Thanks for the help. You have given me a few things to think about and test.


----------



## ian_m (14 Oct 2020)

The other thing you could try, that I have seen before is a venturi air removal pipe. Connect a length of 4mm tubing as in my picture below.  It relies on the "venturi" effect at the bottom connection to pull water/air through the tubing, pulling any collected air from the top of the heater.  Ensure pipe is removable for cleaning.


----------



## zozo (14 Oct 2020)

Nice build, but I would redesign it..  Simplify it and place the heater at the pumps outlet side... So it is fed from the bottom to the top, then there will be no air to trap.

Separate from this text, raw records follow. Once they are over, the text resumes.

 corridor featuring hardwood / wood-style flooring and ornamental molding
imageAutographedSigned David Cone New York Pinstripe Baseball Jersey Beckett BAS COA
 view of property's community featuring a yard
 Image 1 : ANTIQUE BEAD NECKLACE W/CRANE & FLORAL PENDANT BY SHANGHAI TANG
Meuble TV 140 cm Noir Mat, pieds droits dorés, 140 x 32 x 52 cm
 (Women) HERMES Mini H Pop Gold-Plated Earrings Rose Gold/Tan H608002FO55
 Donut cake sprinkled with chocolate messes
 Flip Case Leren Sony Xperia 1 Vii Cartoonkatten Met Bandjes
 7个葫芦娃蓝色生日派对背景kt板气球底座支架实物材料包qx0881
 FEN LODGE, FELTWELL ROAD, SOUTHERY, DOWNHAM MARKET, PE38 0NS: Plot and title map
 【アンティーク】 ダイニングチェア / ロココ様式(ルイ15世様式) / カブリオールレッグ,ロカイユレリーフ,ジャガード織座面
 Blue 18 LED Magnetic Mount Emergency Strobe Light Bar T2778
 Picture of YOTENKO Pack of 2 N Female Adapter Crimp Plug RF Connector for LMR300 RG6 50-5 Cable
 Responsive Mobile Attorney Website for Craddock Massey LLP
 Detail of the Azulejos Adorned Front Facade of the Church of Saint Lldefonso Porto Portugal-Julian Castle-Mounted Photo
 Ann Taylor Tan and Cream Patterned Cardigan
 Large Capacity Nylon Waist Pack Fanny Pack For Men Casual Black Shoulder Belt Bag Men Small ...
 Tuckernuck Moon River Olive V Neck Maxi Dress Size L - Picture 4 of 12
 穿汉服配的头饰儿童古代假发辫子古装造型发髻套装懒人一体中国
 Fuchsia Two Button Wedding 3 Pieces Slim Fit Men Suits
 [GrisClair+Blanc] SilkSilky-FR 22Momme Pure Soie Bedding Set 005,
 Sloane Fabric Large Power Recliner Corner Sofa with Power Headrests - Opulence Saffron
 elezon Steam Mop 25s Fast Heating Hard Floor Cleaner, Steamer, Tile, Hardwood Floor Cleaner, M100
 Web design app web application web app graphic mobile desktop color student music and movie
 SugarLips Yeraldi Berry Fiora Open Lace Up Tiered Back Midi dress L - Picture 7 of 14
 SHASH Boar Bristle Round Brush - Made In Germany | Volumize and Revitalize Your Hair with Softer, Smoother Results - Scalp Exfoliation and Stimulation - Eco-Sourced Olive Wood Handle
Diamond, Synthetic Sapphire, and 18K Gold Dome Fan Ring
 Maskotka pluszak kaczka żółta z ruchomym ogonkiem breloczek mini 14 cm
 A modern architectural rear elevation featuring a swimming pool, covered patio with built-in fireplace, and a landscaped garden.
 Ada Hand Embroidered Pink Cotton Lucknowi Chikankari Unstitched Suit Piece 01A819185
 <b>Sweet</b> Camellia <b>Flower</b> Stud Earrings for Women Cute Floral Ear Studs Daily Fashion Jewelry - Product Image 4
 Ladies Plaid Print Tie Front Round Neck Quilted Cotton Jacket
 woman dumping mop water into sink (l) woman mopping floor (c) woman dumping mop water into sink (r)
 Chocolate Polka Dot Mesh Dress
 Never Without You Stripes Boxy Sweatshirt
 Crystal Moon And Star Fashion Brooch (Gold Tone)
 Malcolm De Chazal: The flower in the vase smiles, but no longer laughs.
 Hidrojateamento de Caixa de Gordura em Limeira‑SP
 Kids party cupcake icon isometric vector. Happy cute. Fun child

Then you also get rid of all those unnecessary 90° knees that only restrict flow. Also rather use a 45° T with a 45° knee as heater outlet. And do not extend the T, but place the uni-seal and heater directly in the T. And make the gap above the T outlet small as possible.





Then if you are also using an external thermometer to control the temp it's advisable to put an inline thermistor in it as well. See red dot, where it should be placed.

In case you temp control uses a NTC 10K look at this one. It's dril a hole tap M8 thread and screw it in sealed with some Teflon tape. In case the pump shuts down and the thermistor is in the tank, the heater keeps heating. The thermistor should be close to the heater inline - cold side.
Amazon product


----------



## somail (15 Oct 2020)

Thanks again everyone. Based on the advice, I am going to try to redesign the things a bit. I am worried about vertical space, but I do like the idea of the heater on top of the pump (or maybe I place the pump sideways so the output is horizontal and inlet is vertical). My biggest concern is that I may always have a vertical drop in the water's path as the sumps always need to have adequate clearance off of the ground so I can unscrew them and I can't go much farther up with the plumbing. Meaning this problem could still manifest itself in other forms. 

Here is the probe I am using: LINK The website says it uses an NTC sensor, but I am not sure if that means it is compatible with an NTC 10K probe. Any advice? 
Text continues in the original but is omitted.